En el primer capítulo, el celoso eunuco Gong Li descubre un poema de Chiang y supone, como en una versión china y medieval de Quémese después de leerse, una conspiración donde solo hay una declaración de terror y amor. El emperador, más sabio pero indiferente, le señala el exceso a su eunuco pero deja que mate a Chiang.
Lo que sigue a partir de ese momento es una concatenación de escenas plásticas, que por momentos mezclan una inverosímil reflexividad a la manera del marqués de Sade: Chiang, empalado y contabilizando los centímetros de tronco que entran en su cuerpo, piensa profundamente acerca de la naturaleza del mal, y acerca de la naturaleza de las fuerzas que componen el universo; la espía Mei Nung se traga una bola orgánica que se cae del cuerpo moribundo del astrónomo, y el dueto Emperador/Eunuco la hacen torturar para extraerle la verdad, cosa que solo su torturador obtiene antes de la sangrienta sesión y en la forma de un poema de diez páginas.
Todo ese juego de encastres y dibujos está animado por un tono melancólico relacionado con las ideas de extinción, de finitud e infinitud.
La Enana blanca es una metáfora de cualquier ser (Guebel llega a trazar una biografía intelectual y emocional de la estrella moribunda), los humanos que sostienen este drama amoroso/político están preocupados por la supervivencia y la muerte inminente, y el escenario cósmico que funciona como marco descomunal de las acciones amenaza la totalidad de las cosas con una absoluta insignificancia.
En esa infinitud que arrastra todo hacia la nada, parece sugerir Guebel a través de sus dos poetas condenados, la única fuerza secreta capaz de dotar de sentido el tránsito de los seres (como en la película El quinto elemento, de Luc Besson) es el amor: “Yo me salvaré/por la gracia del amor/ y si eso no fuera posible/Sé que hay otros universos/ Si dos se rozaron el contacto permanece/ y las partículas viajan/ A través de los espacios”.

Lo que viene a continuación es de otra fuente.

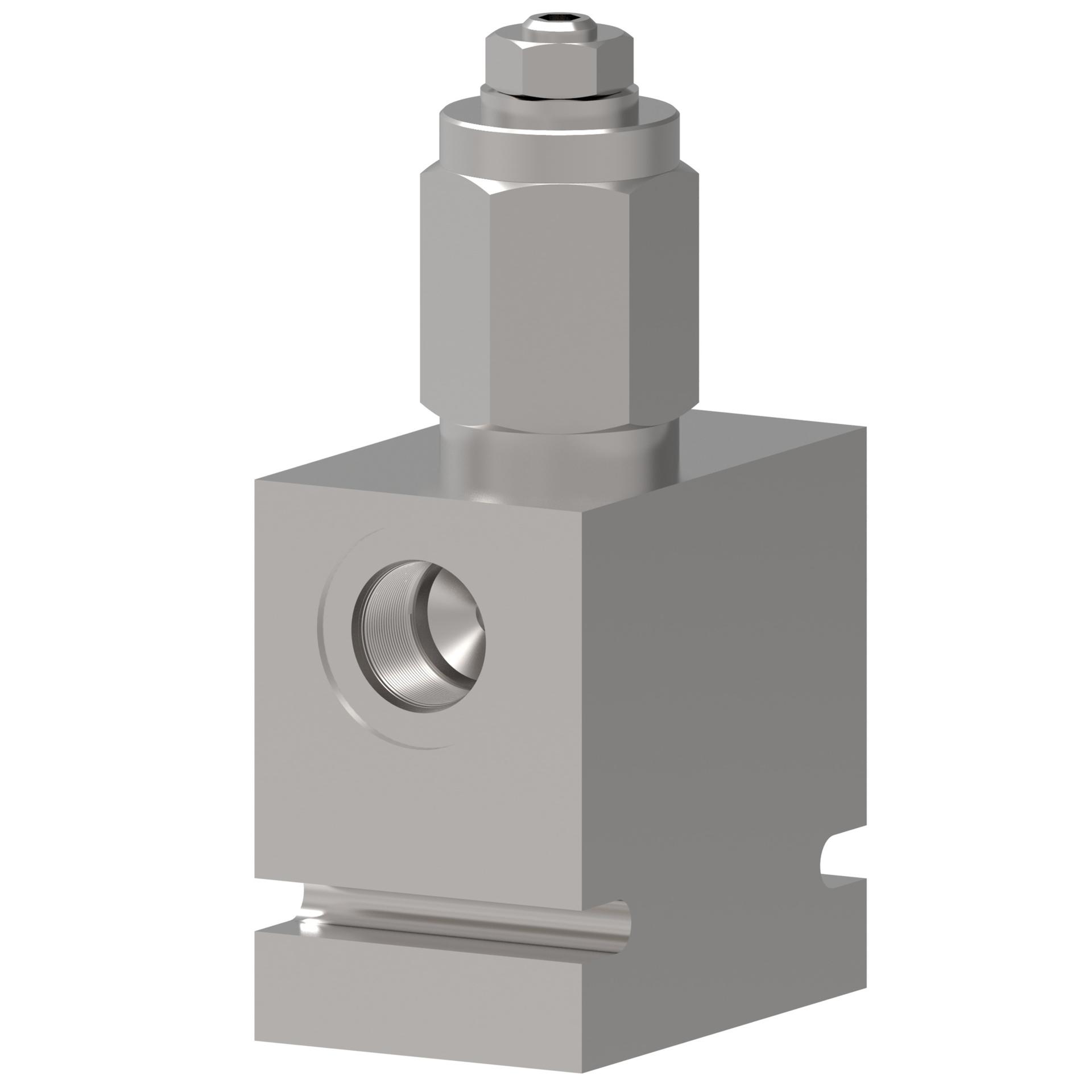 SICV Motion Control Valves 406AA00802A (RIGHT)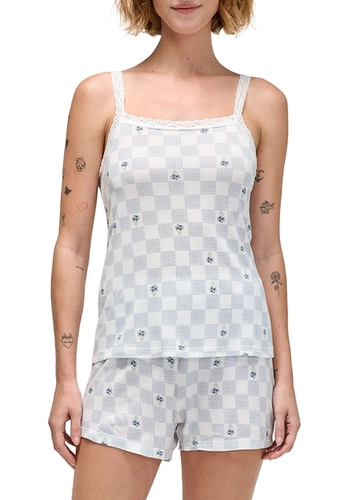 Pijama Feminino Curto Hering 7byf
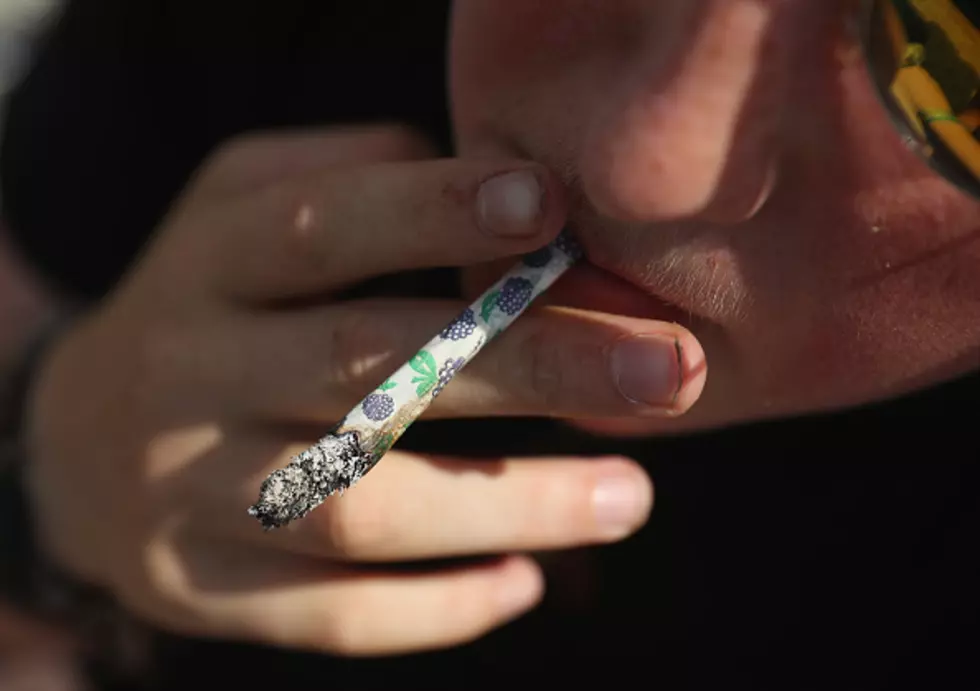 Smoker Beware &#8211; Psychosis Linked To Heavy Marijuana Use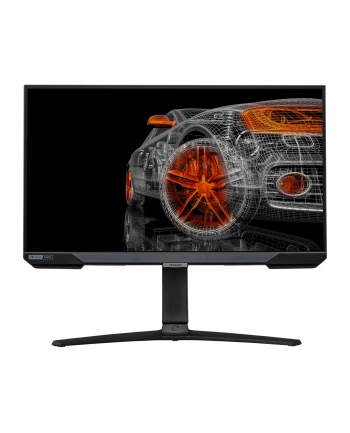 samsung Monitor 25 cali LS25BG400(wersja europejska)XEN IPS 1920x1080 FHD 16:9 2xHDMI/1xDP 1 ms (GTG) płaski HAS+PIVOT 240Hz Gaming nr 2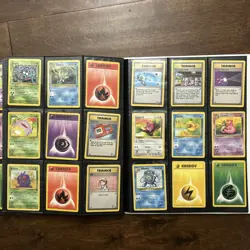 Huge Collection Lot of 100+ Vintage Pokemon Cards 1999 WOTC 💎 - Image 5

Ese tierno e irrefutable lugar común aparece inserto en el medio de reflexiones abstrusas, elaboradas teorías sobre el arte (el torturador, Lun Pen, es una especie de Dr. Strange que reflexiona largamente sobre la relación entre arte y poder mientras obtiene sus máquinas a partir de una especie de magia interdimensional) y los largos poemas que tienen, también, su desconcertante versión china impresa: puede que para exhibir la materialidad de los poemas, o para reírse de nuestro desconocimiento del idioma (no hay tiempo para chequear si esos poemas están bien traducidos) o para estirar esta breve novela de amor abstracto mientras en el cielo las estrellas titilan en su indiferencia.